# Orion's Picture Thread



## Wiccy (Apr 14, 2012)

Finally he came out of his little shell. I think he enjoys being in front of the camera. This is only my phone.. nothing special.









Curiously wandering my bed









He actually sat still for this one! He was playing hide and seek with my old shirt









He had just finished a meal worm and was asking for more !


----------



## Draenog (Feb 27, 2012)

He is cute!
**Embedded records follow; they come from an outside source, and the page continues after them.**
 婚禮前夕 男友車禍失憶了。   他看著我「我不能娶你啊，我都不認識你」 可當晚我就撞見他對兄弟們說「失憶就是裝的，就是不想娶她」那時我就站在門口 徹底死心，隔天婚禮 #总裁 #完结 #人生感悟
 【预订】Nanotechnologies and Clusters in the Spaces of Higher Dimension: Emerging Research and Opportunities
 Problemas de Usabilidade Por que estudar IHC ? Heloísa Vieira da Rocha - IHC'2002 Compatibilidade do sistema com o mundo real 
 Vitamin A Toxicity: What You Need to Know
Love his little nose


----------



## Wiccy (Apr 14, 2012)

Thanks!  I'm blessed to have such a wonderful little guy


----------



## Rainy (Jul 27, 2011)

Awe.....they know exactly how to look at us with those puppy dog eyes to get more mealies.


----------



## Wiccy (Apr 14, 2012)

It is my favorite picture of him thus far  At first I was worried he wouldn't like them, because the first couple days he wouldn't touch them. I just laid a little trail of a few of them along our little play area and he just followed it. lol


----------



## shetland (Sep 2, 2008)

Such a little doll! Look at that little pink tongue! Such a sweet and innocent face! More pictures!!!!!!


----------



## Wiccy (Apr 14, 2012)

Grumpy Orion!









This is my favorite. It looks like he is smiling 

























Exploring his new play pen









Ori says "Hello everyone!"


----------



## raerysdyk (Oct 21, 2011)

How adorable is he! I love his coloring, he's so light!  He seems like quite the adventurer! So cute!


----------



## Wiccy (Apr 14, 2012)

I got a little snuggling sack for Orion.  He loves it!


----------



## OrlyEstrin (Apr 25, 2012)

He is adorable! He reminds me of my Robert! :mrgreen:


----------



## shetland (Sep 2, 2008)

Look at his little feeties!!! I too love his curled up picture. But then I like EVERY picture.


----------



## PJM (May 7, 2010)

He's absolutely adorable! Such a little cutie. I love all the pictures.


----------